If we say we have no sin in us,

we are deceiving ourselves

and refusing to admit the truth;

but if we acknowledge our sins

then God who is faithful and just

will forgive our sins and purify us

from everything that is wrong.

To say that we have never sinned

is to call God a liar

and to show that his word is not for us.

[xvi] Is not that insight central to the foundation myth of our whole tradition with its story of the expulsion of Adam and Eve from the Garden? Among other things, surely that myth is telling all of us that the human journey will always be tough. That at every stage we will have the choice either to eat of the tree of self-will and the aggrandizment of one’s own power, or to wait in humility on God to feed us from the tree of Life. That if we choose the former we will have to live and suffer through the consequences. But, regardless, God would still forever be walking with us. There would always be hope …

[xvii] … admittedly often in deep frustration and disillusionment with what they have seen and have experienced in the Church as She presently is … but still in faith in their God ... But, some too, in their pain, for a time, have turned away completely even from their belief and trust in God … But, please God, only for a time! … How often has it been our fault .. not theirs … that they turned away … we who so ostentatiously parade our claims to believe in God in Christ .. but who have not yet even learnt how to accept, to love ourselves in our brokenness .. let alone to love someone else in theirs.

[xviii] …very similar, too, to the journey Abraham had to take, as he followed his sense of the living God calling him out of Ur to go he know not where; as, living in that faith, he grew to realize that that God, the God “Who is” the source of all creation, did not desire human sacrifice of him, but was, instead a God of life. Leaving behind all the paraphenalia of a “world-view” which took human sacrifice for granted (which world-view would still long surround him) meant that his very existence and his refusal any more to obey the demands of such gods put Abraham at odds with those around him. So too, it was for the Hebrews who followed Moses out of Egypt into the desert. So too, for the early Christians. So too, is it today for you at Redfern and any of us who really seriously seek to believe in, to live in the God “Who is” in Christ. Follow the voice of the God “Who Is” calling us today, and we too will be at variance (strongly at variance) with many (if not all) of “the powers of this world” ... and, at times, at variance, also, with some who like to see themselves as being the “powers in our Church”.

[xix] In recent years we have had to reface all those questions all over again, and, in the process, accept that in so much the Reformers were correct.

[xx] Perhaps it is why also today we are being called to revisit all the ancient “heresies” of the first few centuries of our tradition, the Ebionites, the Marcionites; the Gnostics; the followers of the Gospel of Thomas, as a recent article in TIME magazine (December 22, 2003, pp.42-49) pointed out. All these variant understandings of the significance of the life and teaching of Jesus emerged in those first centuries because different people were grappling with two (related) series of questions …

First, for anyone looking back towards the faith and cultural matrix – the womb – out of which christianity was born, several questions had to be asked …

… in what way did Jesus challenge, or take further, the faith journey into God which had been Abraham’s?

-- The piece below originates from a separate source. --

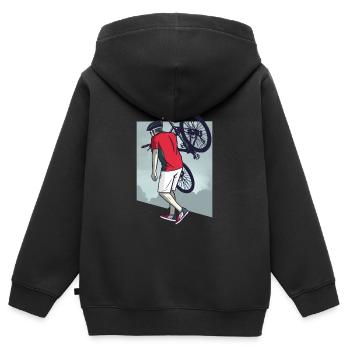 Vélo Vélo Vélo - Sweat Premium à capuche zippé enfant bio - noir - Dos - AI Model Kid Male (0cm)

… did his experience and that of his early disciples add any insight into the nature of our created human reality beyond what had been known beforehand? … and if so …

… how far was the Jesus experience/ insight something entirely “new”; … or …

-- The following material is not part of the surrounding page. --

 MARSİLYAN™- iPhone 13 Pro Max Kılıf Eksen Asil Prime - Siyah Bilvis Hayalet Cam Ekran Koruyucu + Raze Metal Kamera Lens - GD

… how far was it an elaboration, development of what had been there, incipiently present in the Abrahamic faith tradition since its beginning? … and then, according to how one answered that last question …

… how best might the new aspect of that experience and insight best be integrated with the previous insights elaborated over the prior history of the Abrahamic faith tradition … and with the various practices which had previously been devised to give some on-going cultural and religious expression to?

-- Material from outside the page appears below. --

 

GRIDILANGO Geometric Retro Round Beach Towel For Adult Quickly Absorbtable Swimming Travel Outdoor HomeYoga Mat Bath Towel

Secondly, for those who were primarily concerned to look towards the world into which this new faith movement was now spreading and beginning to take root:

… how could this new experience and insight into the old Abrahamic faith tradition within its new specifically Christian dimension best be related to … or, (to use today’s jargon) inculturated into … the Graeco-Roman world and most clearly expressed in terms of the social, cultural, and philosophical parameters of that culture.

As our world today lives through the death of the Graeco-Roman-Germanic world-view we have known for so long, and the social, cultural, philosophical presuppositions which underpinned that world-view crumble around us; and all the many and varied answers ever devised to the human conundrum are available to everyone as, for the first time in history a truly world-culture is no longer some distant dream but a reality already struggling to be born … no wonder that all these questions from our past have surfaced once again.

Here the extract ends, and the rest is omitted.